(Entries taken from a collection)
┌──
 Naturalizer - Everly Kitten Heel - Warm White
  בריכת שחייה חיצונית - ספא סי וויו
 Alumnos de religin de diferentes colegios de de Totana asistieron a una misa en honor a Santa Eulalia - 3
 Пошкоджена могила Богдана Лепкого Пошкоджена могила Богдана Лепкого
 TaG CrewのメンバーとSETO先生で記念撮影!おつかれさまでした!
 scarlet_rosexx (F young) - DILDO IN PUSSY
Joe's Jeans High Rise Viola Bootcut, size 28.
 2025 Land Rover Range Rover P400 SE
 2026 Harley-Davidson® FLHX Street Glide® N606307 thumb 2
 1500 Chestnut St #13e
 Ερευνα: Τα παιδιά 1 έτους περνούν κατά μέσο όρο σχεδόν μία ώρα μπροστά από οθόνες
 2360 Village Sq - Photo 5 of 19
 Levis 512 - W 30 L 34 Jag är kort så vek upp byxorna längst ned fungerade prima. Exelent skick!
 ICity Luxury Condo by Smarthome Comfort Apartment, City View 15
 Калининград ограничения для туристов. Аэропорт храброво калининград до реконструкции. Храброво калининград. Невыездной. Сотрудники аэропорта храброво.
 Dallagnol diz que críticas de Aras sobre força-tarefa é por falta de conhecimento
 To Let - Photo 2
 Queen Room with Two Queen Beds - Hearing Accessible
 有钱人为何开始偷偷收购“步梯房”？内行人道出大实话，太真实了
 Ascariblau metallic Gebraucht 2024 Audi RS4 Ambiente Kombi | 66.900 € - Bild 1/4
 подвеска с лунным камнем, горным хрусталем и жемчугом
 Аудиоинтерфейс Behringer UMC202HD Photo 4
└──
▸ WHAT TO WORK ON: From the line containing "Ascariblau metallic Gebraucht" through the last line of the entries above, print each line exactly as it stands.

▸ RESPONSE AREA:
 Ascariblau metallic Gebraucht 2024 Audi RS4 Ambiente Kombi | 66.900 € - Bild 1/4
 подвеска с лунным камнем, горным хрусталем и жемчугом
 Аудиоинтерфейс Behringer UMC202HD Photo 4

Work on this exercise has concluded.